The 2023 global cybersecurity software industry to mark an upward trajectory of growth

CXOToday has engaged in an exclusive interview with Mr. Aayush Ghosh Choudhury, CEO and Co-Founder, Scrut Automation


Q1- Please elaborate about Scrut Automation and its offerings in India and abroad?

Scrut Automation is a risk observability and compliance automation platform built to simplify information security monitoring for cloud-native companies. It helps early-stage and growth-stage companies across the globe establish enterprise-grade information security processes through an easy-to-use GRC platform. With hundreds of customers spread across India, APAC, Europe and North America, Scrut Automation provides a 5X faster and more convenient roadway for information security to its customers and helps them meet their compliance requirements in over 20 reputed industry standards like SOC 2, GDPR, ISO 27001, PCI DSS, CCPA, HIPAA, etc. It also empowers them to use a single window to perform different functions like automating risk assessment and management, conducting employee information security training, monitoring their cloud and cyber assets, streamlining their information security processes, and more. In other words, Scrut Automation helps its customers to continuously monitor their information security and compliance postures, guaranteeing trust, convenience, and safety.
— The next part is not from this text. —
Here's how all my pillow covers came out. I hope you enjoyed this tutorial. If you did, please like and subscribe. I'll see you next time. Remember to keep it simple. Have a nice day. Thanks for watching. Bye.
Q2- What is your current market share and clientele? Any plans for expansion?

As a SaaS-based platform, Scrut Automation has a global clientele of 200 companies across India, Indonesia, Singapore, USA, Canada, UAE, UK, France and Germany. They are always on the lookout for new opportunities in the industry to make compliance easier for early-stage startup founders and help mid-market CISOs scale their security programs with minimal friction.
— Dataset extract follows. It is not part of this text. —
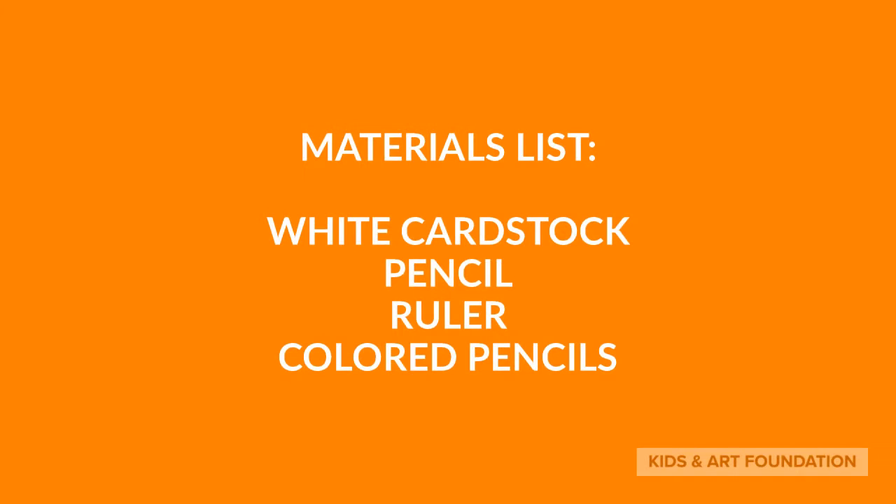Materials List: white cardstock, pencil, ruler, colored pencils.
Scrut is focused on deepening its product capabilities in cyber asset attack surface management and risk management to help its customers solve security and compliance by enabling them to take a risk-backed approach to information security. On the same note, they are broadening their integration landscape for increased coverage for continuous control monitoring and heavily focussing on security tools such as Snyk, Veracode, SentinelOne, and Qualys. The team is expanding its base across US and APAC, betting heavily on these regions for future growth.


Q3- What are the five emerging bothersome cyber challenges, according to you?

Today’s cyber landscape faces many obstacles and roadblocks, which pose a risk to the security of organisations. These challenges arise from various issues, including out-of-date software and large-scale struggles like lack of support from leadership teams. Here are some of the leading cyber challenges amid the ever-evolving threat landscape.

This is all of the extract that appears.